Innovatives Supercomputing in Deutschland
inSiDE • Vol. 5 No. 2 • Autumn 2007
current edition
archive
centers
events
download
about inSiDE
index  index prev  prev next  next

Sustaining Tflop/s in Simulations of Quantum Chromodynamics

The first computer delivering a performance of more than one Tflop/s in the Linpack benchmark appeared on the TOP-500 list in June 1997 [1]. Sustaining a Tflop/s with a real application in everyday production runs is another story. The single CPU performance has to be good, the programme must scale sufficiently well, and it should not use the whole computer. For German quantum chromodynamics researchers sustaining one Tflop/s became reality with the installation of the current generation of supercomputers at LRZ and NIC, the SGI Altix 4700 and the IBM BlueGene/L. A third supercomputer offering comparable performance in single QCD applications is the apeNEXT at NIC/DESY Zeuthen.

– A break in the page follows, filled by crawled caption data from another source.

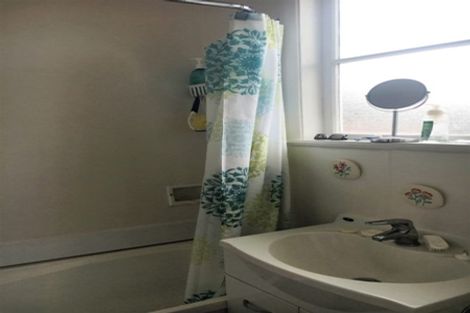 Photo of property in 38 Jellicoe Drive, Hamilton East, Hamilton, 3216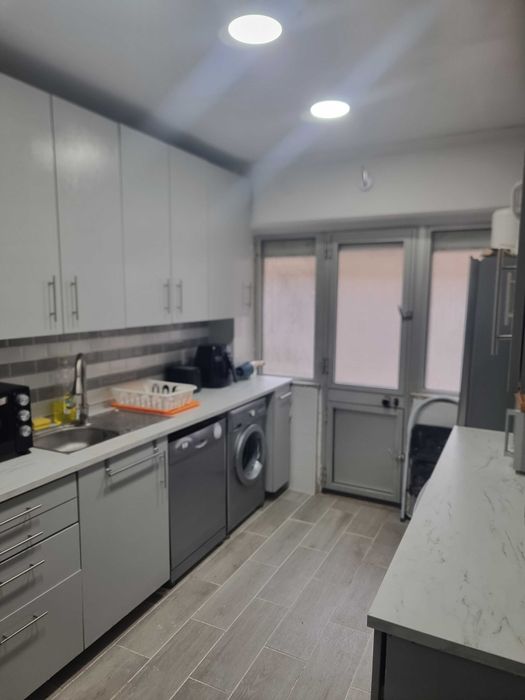 Alugo Quarto (individual) Mobilado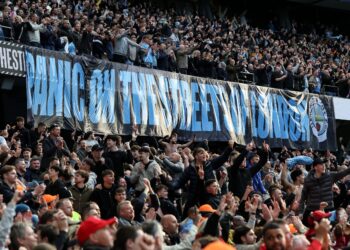SEPANDUK ditunjukkan oleh penyokong Manchester City di Stadium Etihad.-AFP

Quantum chromodynamics (QCD) is the theory of strongly interacting elementary particles. The theory describes particle properties like masses and decay constants from first principles. The starting point of QCD is an infinitedimensional integral. To deal with the theory on the computer space-time continuum is replaced by a four-dimensional regular finite lattice with (anti-) periodic boundary conditions. After this discretization the integral is finite-dimensional but rather high-dimensional. The highdimensional integral is solved by Monte- Carlo Methods.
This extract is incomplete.